Women in the Medical Profession: Personal Narratives

A Balancing Act: How Women with a Hidden Disability Perform Femininity

by Aimee Burke Valeras, Concord, NH, USA

All the world’s a stage, And all the men and women merely players: They have their exits and their entrances; And one man in his time plays many parts. William Shakespeare, As You Like It (1600)

Introduction Hidden Disability

1 A “hidden disability” is one that is unapparent to outside observers except by disclosure or unusual circumstances. While persons with hidden disabilities are afforded a sense of anonymity, they must contend with different challenges, including learning strategic self-disclosure and impression management; when to disclose and make disability visible and when to “pass” and give society the impression of able-bodiedness. The choice, to be or not to be disabled, has important implications for the way we conceptualize disability, and the concept of identity as a whole. Gendered social expectations impact these decisions on a constant basis.

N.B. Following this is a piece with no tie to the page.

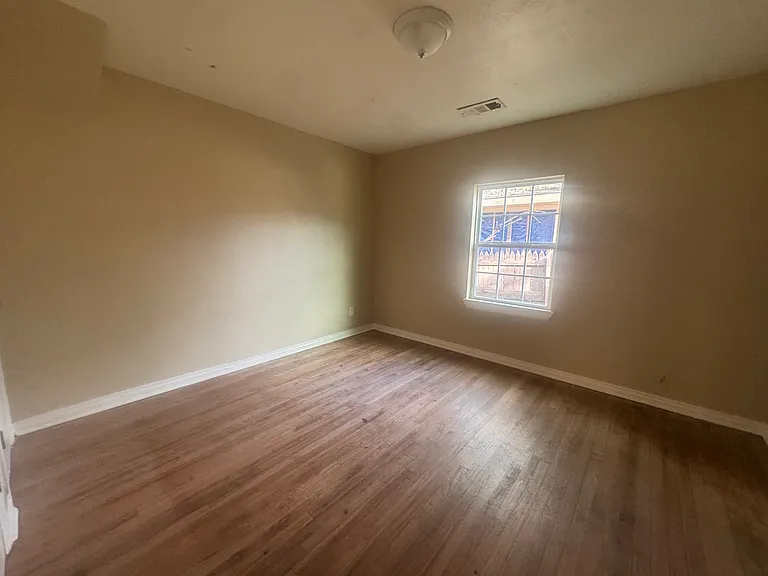 1901 Cedar St — Photo 6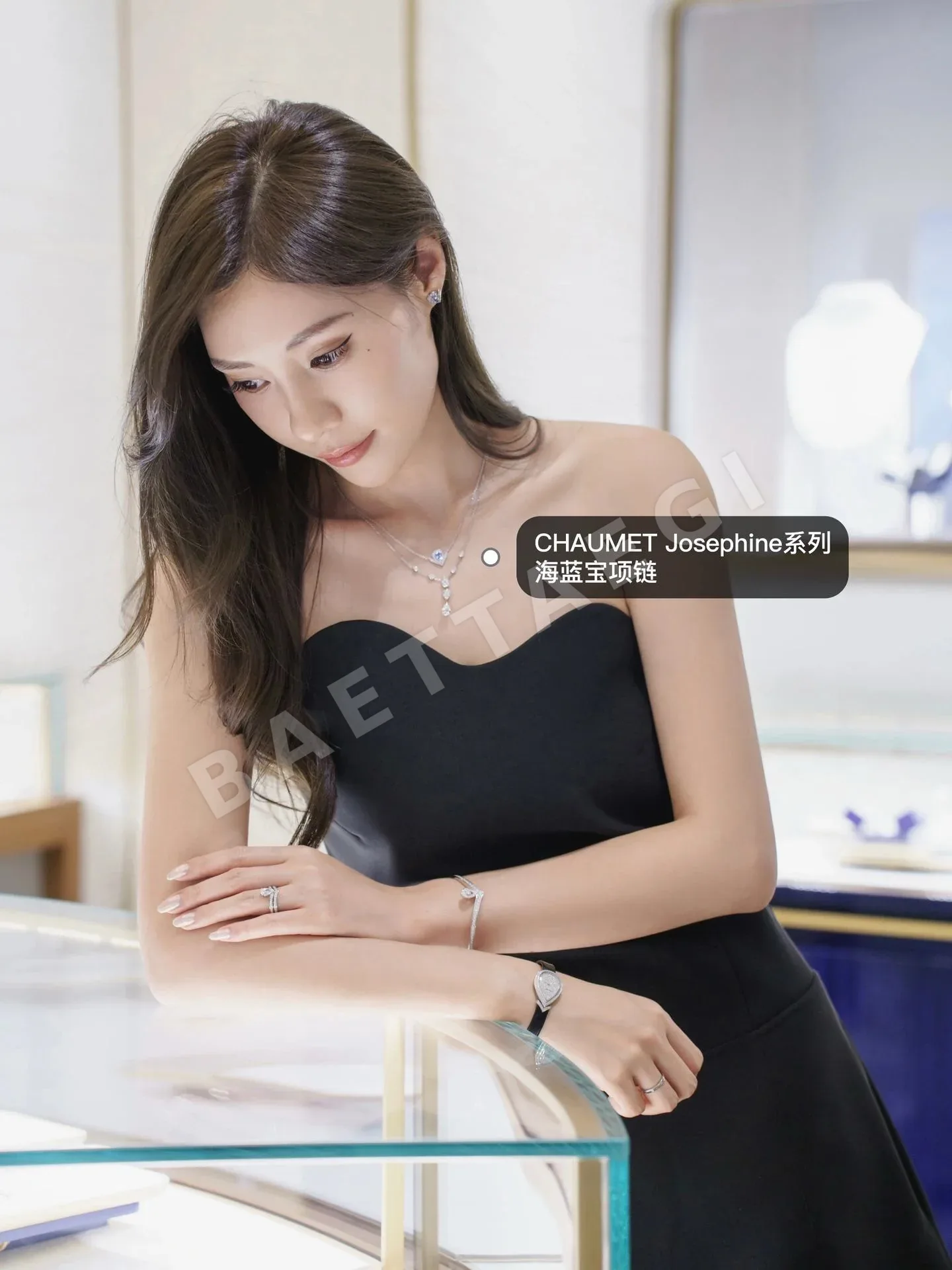 쇼메 백조 모티프 비대칭 귀걸이 상세 이미지 2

2 This paper uses a narrative research approach to understand women’s personal identification (or lack thereof) with being “disabled” and the impact of womanhood on this identity process. I will focus on the self-narratives of four women, ranging in age from 21 to 46 years, who have a hidden disability. Victoria has Juvenile Rheumatoid Arthritis; Angela has Epilepsy; Mary has Mitochondrial Myopathy, and Rosalina has Celiac Disease. In this essay, I also reflect on my own experiences as a woman with a hidden disability, Muscular Dystrophy. Narrative Research Methodology

3 Through a face-to-face two-hour tape-recorded guided conversation with Victoria, Angela, Mary, and Rosalina, I solicited the unfolding of each woman’s “story” prompted by the question, “Tell me about what your life has been like living with (specific condition), from the beginning.” Each woman had the opportunity to respond to the presentation of data, joining with me in the construction of the results, enabling a sense of ‘co-ownership’ of the research. In this process, the participants and I together embraced the discovery of the experience of hidden disability.

4 A narrative research methodology is used to present the results. Using narrative construction, I assemble the elements of a participant’s descriptions into a single vivid narrative to draw the reader into the individual’s lived experience as an alternative reality (Barone and Eisner; Polkinghorne). This data presentation is meant to enable ‘empathetic witnessing’ of a different kind of life to inspire a dialogue between the reader and the text, invoking an understanding of why and how a person acts as he or she does (Barone and Eisner; Coulter; Docherty and McColl).

5 While narrative construction is used to emphasize unique differences across cases, analysis of narratives is used to generalize to the overall experience of hidden disability. Analysis of narratives illuminates universal features of participants’ stories, breaking the participants’ overall narrative into paradigmatic categories, allowing for common themes to emerge across the collected stories (Polkinghorne). By reading the interview transcripts over and over, key linkages, common themes and ideas, emerged (Charmaz and Mitchell; Erikson). These key linkages were then grouped with others as part of an overarching concept, leading to the construction of categories of central significance (Erikson; Polkinghorne). This overall process, in effect, brings order and consistency to the data by classifying sections according to their commonalities (Polkinghorne).